▶ Directions: For this task, output exactly the lines of the material below starting at the line with "ACE CAFE LONDON" and ending at the line with "Coenzym Q10 250"; pictures are to be excluded.

▶ Information shown:
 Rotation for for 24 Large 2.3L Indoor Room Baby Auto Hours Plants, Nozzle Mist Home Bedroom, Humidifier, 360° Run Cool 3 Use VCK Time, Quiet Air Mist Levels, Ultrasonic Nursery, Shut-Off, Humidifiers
...
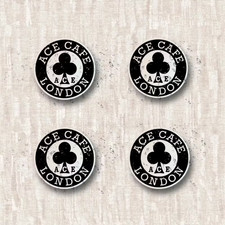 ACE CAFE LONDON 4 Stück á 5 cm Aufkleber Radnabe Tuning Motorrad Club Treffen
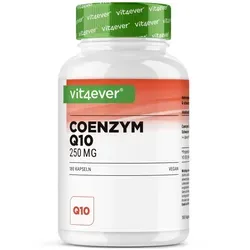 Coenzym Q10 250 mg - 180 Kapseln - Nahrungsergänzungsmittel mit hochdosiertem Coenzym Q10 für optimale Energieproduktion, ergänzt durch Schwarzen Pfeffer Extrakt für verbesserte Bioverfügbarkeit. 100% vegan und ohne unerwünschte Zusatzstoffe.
...
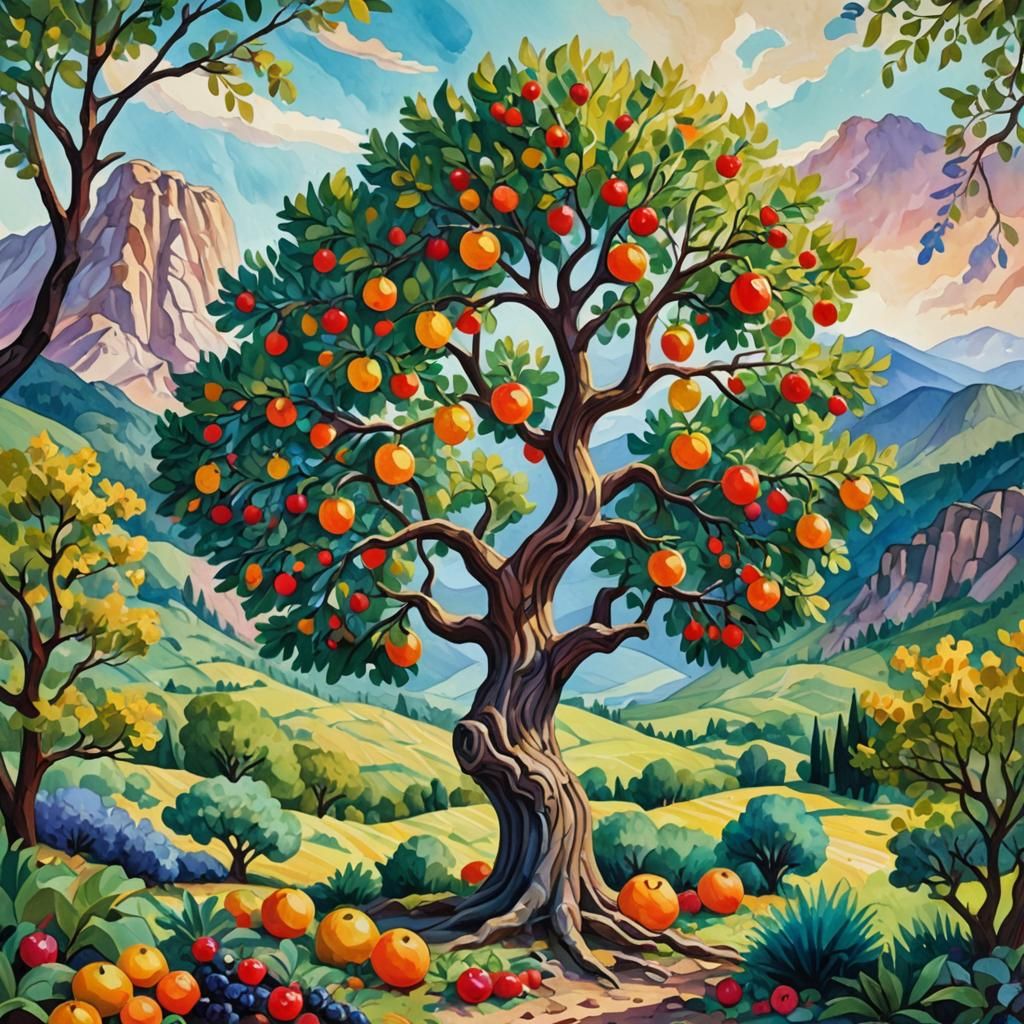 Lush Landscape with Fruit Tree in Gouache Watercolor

▶ Exercise answer:
 ACE CAFE LONDON 4 Stück á 5 cm Aufkleber Radnabe Tuning Motorrad Club Treffen
 Coenzym Q10 250 mg - 180 Kapseln - Nahrungsergänzungsmittel mit hochdosiertem Coenzym Q10 für optimale Energieproduktion, ergänzt durch Schwarzen Pfeffer Extrakt für verbesserte Bioverfügbarkeit. 100% vegan und ohne unerwünschte Zusatzstoffe.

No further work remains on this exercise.